En effet, lundi dernier, Abdellatif Ouahbi a dévoilé devant la Chambre des représentants certaines dispositions de cet avant-projet de loi, qui sera indépendant du Code pénal. Parmi les différents aspects évoqués, dont certains sont intéressants, un en particulier a attiré mon attention.
Il s’agit d’une proposition concernant un mécanisme permettant aux personnes condamnées pour des peines inférieures à 2 années de prison de pouvoir racheter leurs jours de prison. Le tarif? Entre 100 et 2.000 dirhams la nuitée. Pardon, je m’égare, je voulais dire par jour. Car c’est à s’y méprendre fort semblable à des tarifs d’hôtel.
Si l’idée est de permettre de désengorger les prisons en se délestant des prisonniers, jugés à priori comme non dangereux pour la collectivité, tout en se faisant un petit billet pour le Trésor au passage, alors la proposition est fort intéressante. Mais si le but est de faire triompher la justice et l’égalité pour tous les citoyens, dans ce cas, c’est raté.
Car premièrement, ce mécanisme risque d’instaurer une hiérarchisation socio-économique face à la loi. Puisque si vous êtes suffisamment riche, certaines lois du Code pénal ne vous concernent désormais plus. Vous êtes condamnés à un 1 an ou 2 ans de prison? Rien de dramatique, il suffit de sortir le chéquier. Vous êtes pauvres? Et bien, tant pis pour vous. Comme disait le personnage de Don Salluste interprété par Louis de Funès dans la Folie des grandeurs: «Les riches c’est fait pour être très riches, et les pauvres très pauvres».
Le fait est qu’il en va de la crédibilité de la loi, du système judiciaire marocain et de l’égalité des citoyens face à l’Etat de droit.
Imaginez un instant que vous soyez victime d’un délit à caractère financier ou commercial. En plus d’être lésé économiquement, vous êtes amené à prendre en charge les frais d’un avocat pour défendre votre cause, faire des allers-retours au tribunal pendant des semaines, voire des mois, pour espérer obtenir une condamnation de l’escroc qui vous a nui injustement. Vous finissez contre vents et marées par obtenir une condamnation, mais le lendemain, vous le revoyez siroter tranquillement son thé à la menthe dans le café du coin. C’est là toute la magie et la puissance que cet avant-projet de loi propose d’octroyer au chéquier.
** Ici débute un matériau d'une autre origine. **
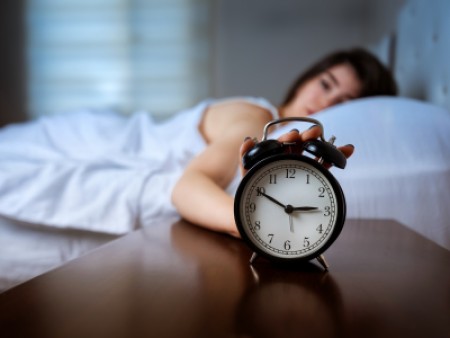 Αϋπνία και τρόπος αντιμετώπισης.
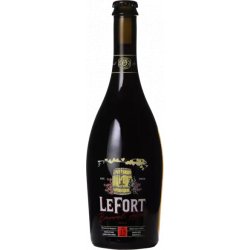 Brasserie LeFort Barrel Aged 75cl - Mister Hop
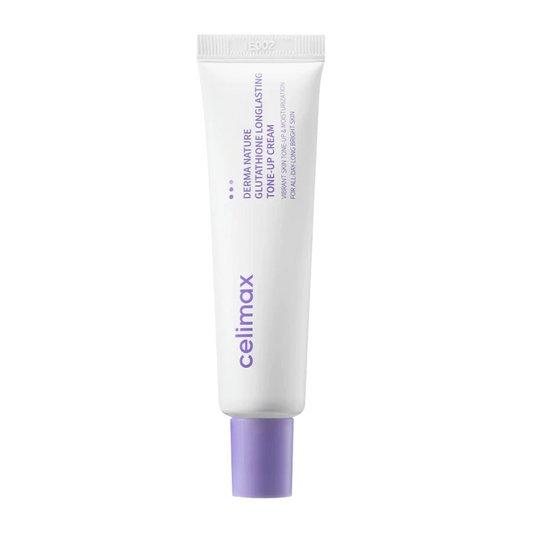 CELIMAX Derma Nature Glutathione Longlasting Tone-up Cream - Glam Secret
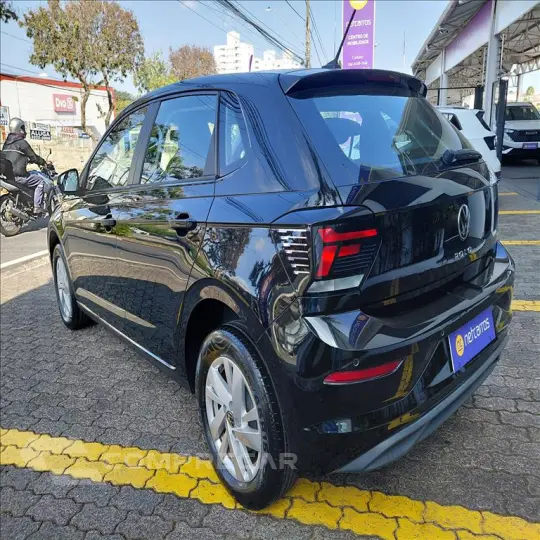 POLO 1.0 170 TSI COMFORTLINE AUTOMÁTICO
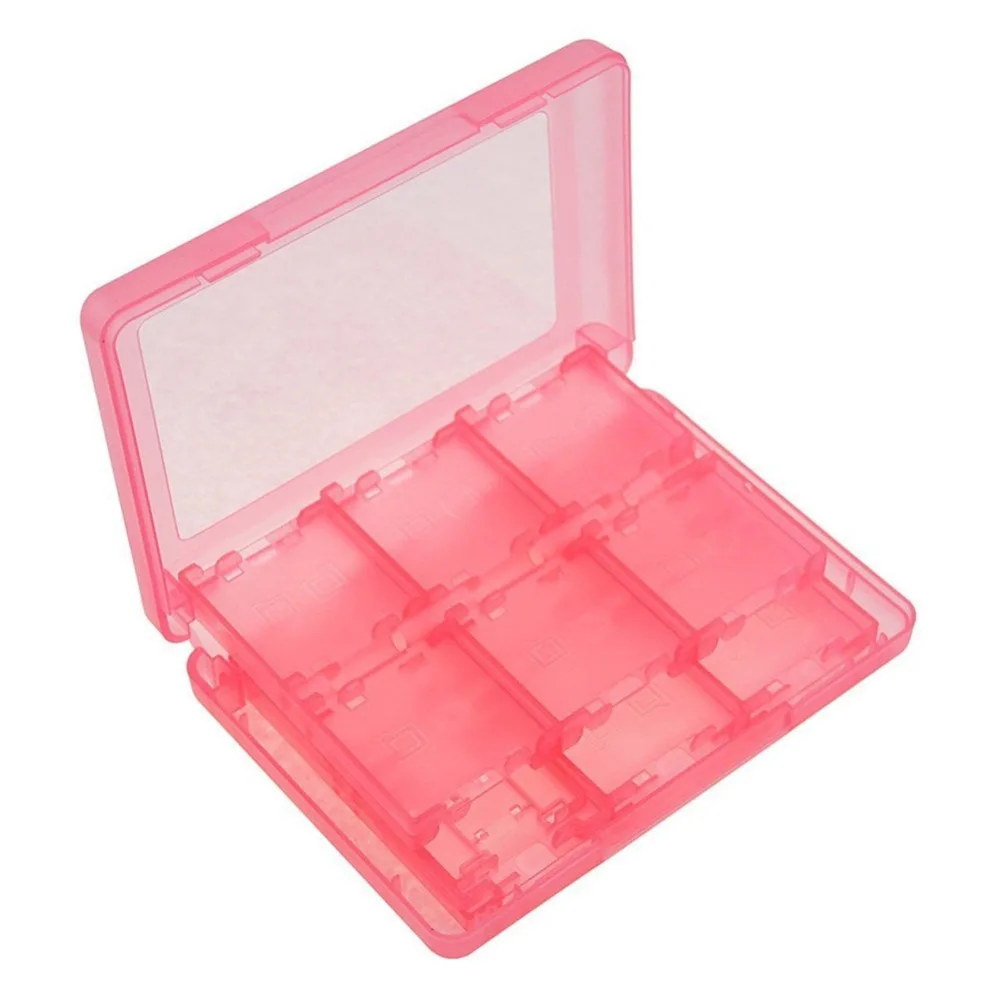 

24 in 1 Game Card Box Protective Hard Case For NS Switch Console Shell Travel Carrying Storage Bag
Une sorte de chèque en blanc, pardonnez-moi le jeu de mots, accordé au plus nanti, face à un pan entier de la loi marocaine.
Il est de ce point de vue utile de rappeler que notre ministère est celui de la justice, non des «indulgences». Par «indulgences», je fais référence à ce mécanisme apostolique, qui permettait de racheter les péchés d’une personne vivante ou morte, avec des pièces sonnantes et trébuchantes. Un procédé qui fut pratiqué au XVIème siècle à une échelle quasi industrielle par l'Eglise catholique en Europe, et qui fut l’un des ferments de la réforme protestante.
De ce point de vue, cet avant-projet de loi entend d’une certaine manière rétablir le commerce des indulgences, du moins pour les peines inférieures à 2 ans de prison. Ce qui fera certainement beaucoup de bien aux caisses du Trésor, mais causera un tort peut-être irréparable à notre vrai trésor, la «justice» et l’égalité des citoyens devant la loi.
N’oublions jamais que la justice est sacrée, parce qu’elle n’est pas à vendre.